**WHAT THIS TASK INVOLVES**
Filter the entries below down to the lines that hold "with".

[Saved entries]
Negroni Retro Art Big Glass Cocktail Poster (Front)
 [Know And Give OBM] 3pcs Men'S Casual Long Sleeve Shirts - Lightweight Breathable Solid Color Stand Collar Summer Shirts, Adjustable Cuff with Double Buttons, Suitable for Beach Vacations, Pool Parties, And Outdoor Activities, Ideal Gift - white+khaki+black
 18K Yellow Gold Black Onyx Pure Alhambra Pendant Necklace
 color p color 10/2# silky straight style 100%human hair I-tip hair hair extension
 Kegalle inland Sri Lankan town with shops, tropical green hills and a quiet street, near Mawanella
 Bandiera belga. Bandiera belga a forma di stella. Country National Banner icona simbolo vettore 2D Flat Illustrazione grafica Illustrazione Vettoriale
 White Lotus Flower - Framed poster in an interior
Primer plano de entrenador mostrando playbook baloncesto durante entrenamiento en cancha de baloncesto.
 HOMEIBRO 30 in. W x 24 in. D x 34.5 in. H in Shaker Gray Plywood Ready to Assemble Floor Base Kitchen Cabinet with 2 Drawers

**ANSWER FOR THE TASK**
 [Know And Give OBM] 3pcs Men'S Casual Long Sleeve Shirts - Lightweight Breathable Solid Color Stand Collar Summer Shirts, Adjustable Cuff with Double Buttons, Suitable for Beach Vacations, Pool Parties, And Outdoor Activities, Ideal Gift - white+khaki+black
 Kegalle inland Sri Lankan town with shops, tropical green hills and a quiet street, near Mawanella
 HOMEIBRO 30 in. W x 24 in. D x 34.5 in. H in Shaker Gray Plywood Ready to Assemble Floor Base Kitchen Cabinet with 2 Drawers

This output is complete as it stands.